Mmm, who wants to eat the peaches on the left? Yeah, me neither. This my friends, is what happens to your peaches if you blanch them incorrectly. Bleck. Super bleck. And it's my own dang fault. I thought that perhaps if I ignored the step of putting peaches in ice water after blanching them, I would save some time. Well that was stupid. So if you ever read my post about canning, let's just pretend I never wrote anything about not putting them in icy water.
Next.
Having three children that are awake makes me feel like the mouse in "If you Give a Mouse a Cookie."
I wander around from task to task, never quite accomplishing anything. For instance: While starting a load of laundry, I remember a few things I want to add to the load. I head upstairs. On my way up the stairs I pick up a piece of paper. It's a postcard saying they autorenewed my Runner's World subscription for way too much money. I start looking for the phone in the couch cushions. Kenzie asks me to read her a story. I do. I find the phone. I call Runner's World. While I am on the phone Hannah asks if she can have some of my lotion. "Sure." I say. I tell Runner's World I can't pay that much money. They give me a sweet counteroffer. Meanwhile Hannah has globs of lotion on every finger and toe. Of course Runner's World wants me to pay right then. I search for my purse. My purse search reminds me to write down that I need diapers. I read the credit card numbers while rubbing a defiant and angry Hannah vigorously. Call completed I try to remember what in the world I came up the stairs for. Oh yes, some more laundry to add to the load. I go into the girls room, I start looking for whites in their laundry. Wait a second this isn't dirty. I start pulling out things I want them to put away. This reminds me that I need to get the 6-9 month clothes down for Ellie. Speaking of Ellie, she is crying and needs to be fed. Now where was that pen? Oh wait, I need to start the washer.
And it goes on and on.
Next, some letters.
Dear Proctor and Gamble-
I hate hate hate hate your new formula for Cascade detergent. Using Cascade to wash my dishes is like letting the food sit on them for a few days and then trying to lick them clean and putting them away. It doesn't work. My dishes look like this:
Bring back the phosphates! Which is worse for the environment--detergent with phosphates that works, or washing the dishes three times, trying first to clean the food off the dishes, then cleaning the streaky ugly mess your detergent leaves on my dishes, and then cleaning them again because it's been baked and caked on?

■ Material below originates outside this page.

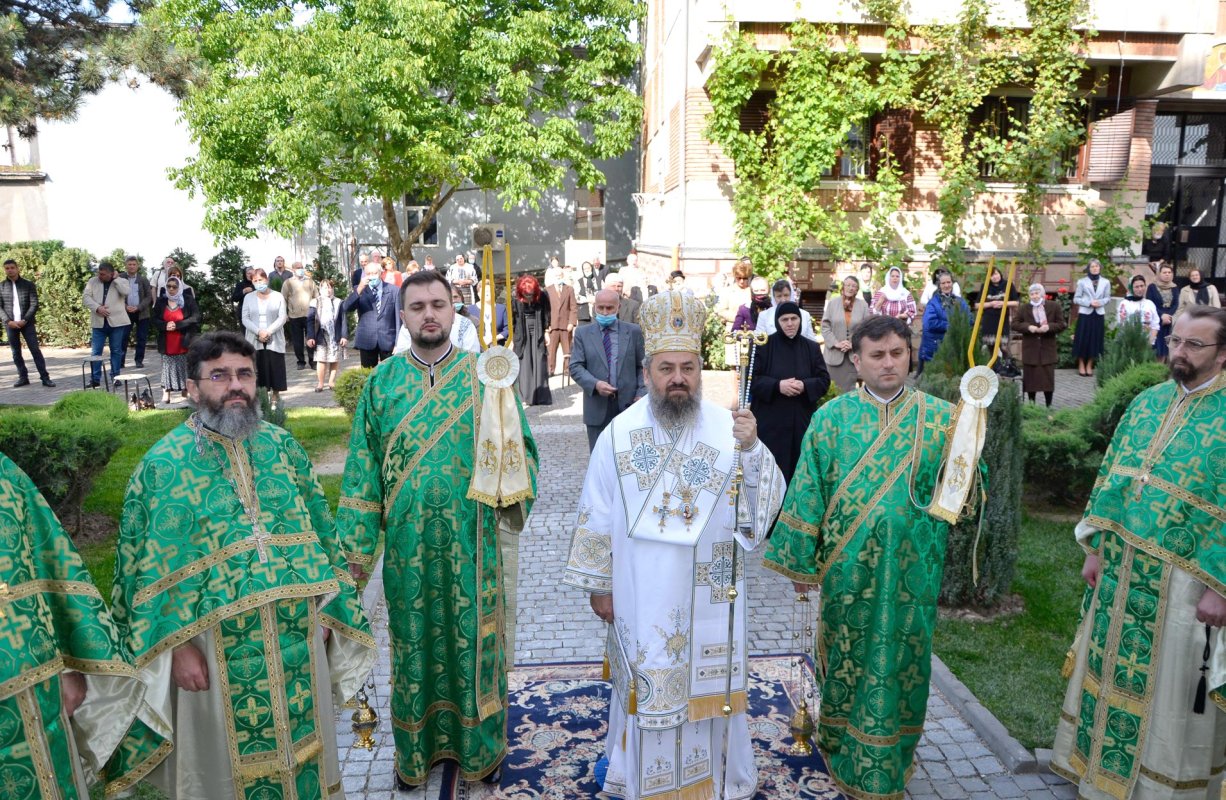 Hram la Mănăstirea Crișcior, Hunedoara 146506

Please sell something that works. Like your old stuff. I loved it.
-Stephanie
Dear Walmart--
Congratulations on effectively capturing the color of baby poo on your new diaper decorations. Other than that, love the new slimmer profile.
-Stephanie
And now a gratuitous baby picture:
9 comments:
oh man. how do you seem to capture everything I am thinking but so much more eloquently (and seriously way more humorously) than I ever could. The if you give a mouse a cookie analogy is totally perfect. I hate those books, and now I know why!! :)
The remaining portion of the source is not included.